Horgan was also viewed as the candidate best suited to unite the province, and the most likely to share respondents' personal values.

On the issue of the economy, he fared far worse than his main rival, however.

"What we see right now from the NDP, especially when it comes to John Horgan, is an ability to establish an emotional connection with voters," Canseco said.

"The main difficulty with the NDP is that they're not connecting well on the economic file."

Clark was seen as a good economic manager by 36 per cent of respondents, compared to just 19 for Horgan and 10 per cent for Weaver.

The Liberal leader was also most likely to be viewed as a good communicator, and as someone possessing the "right temperament" to be premier.

Though the B.C. Green Party leader wasn't the most popular candidate in any particular category, Weaver did score second place on a number of questions – including trustworthiness.

Roughly a third of respondents also said Weaver shares their values, is in touch with the problems they face, and generally agrees on the issues they care about.

As the sole Green candidate who earned a seat in the last election, he was also seen as the least capable of bringing about change in the province, however.

Beyond perceptions of the party leaders, Insights West asked respondents whether local candidates in every riding should be forced to take part in at least one public debate ahead of the election, and found broad support from more than four-in-five respondents.
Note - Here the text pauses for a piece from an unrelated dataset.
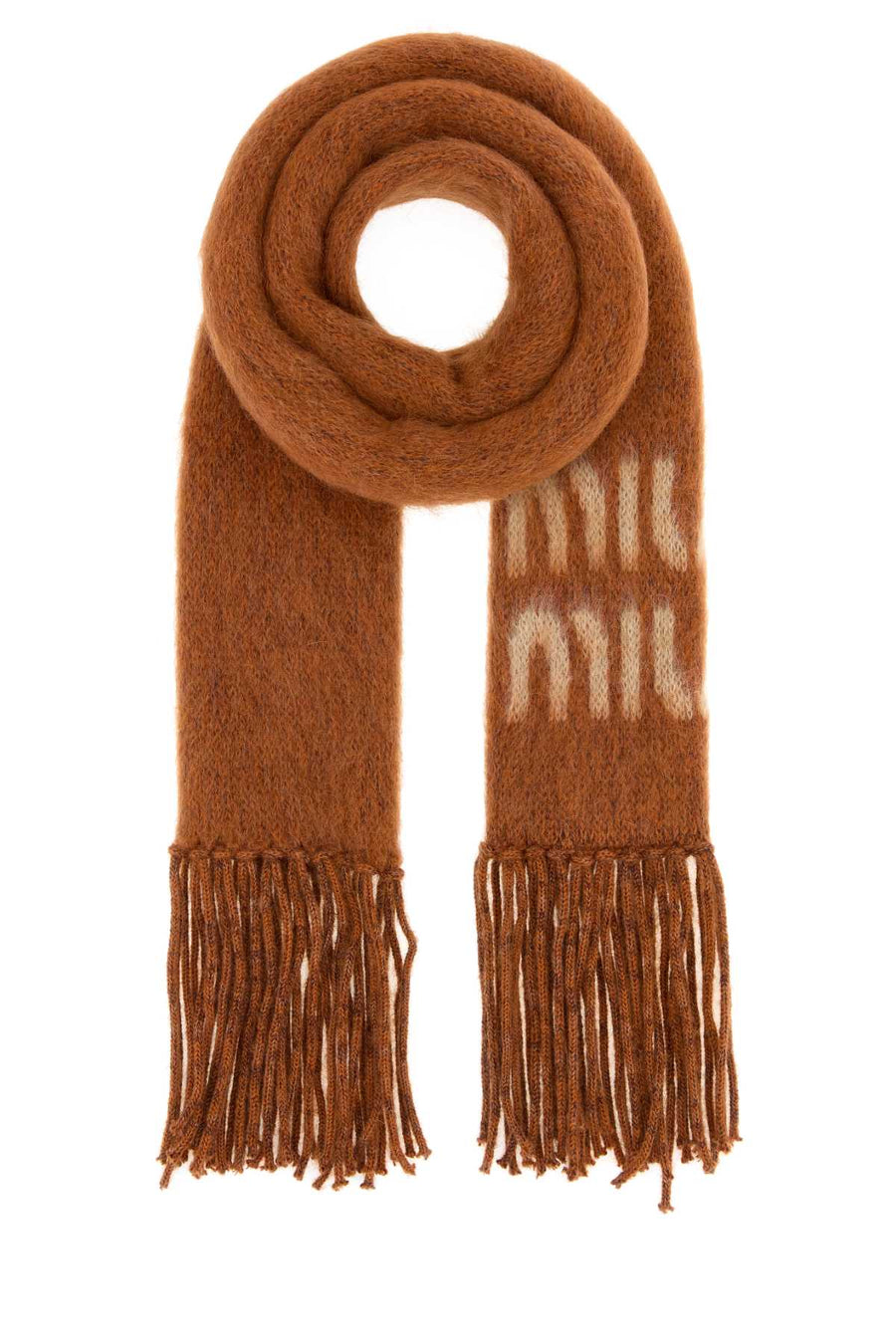 Miu Miu 67% Mohair scarf in orange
On the topic of politicians showing up at festivals and celebrations, such as last month's Vaisakhi parade, there was more widespread agreement – specifically that the time-honoured tradition is a cynical vote-grab.

"What's interesting about the analysis is if you ask minority communities – East Asians and South Asians – they feel the same way," Canseco said. "They also look at this as a situation where the politicians aren't coming to my party or my festival or my celebration because they care about multiculturalism, all they want is to get some votes."

The Insights West survey was conducted online from April 26 to 28 among 802 B.C. adults. Polls of that size have a margin of error of plus or minus 3.5 percentage points.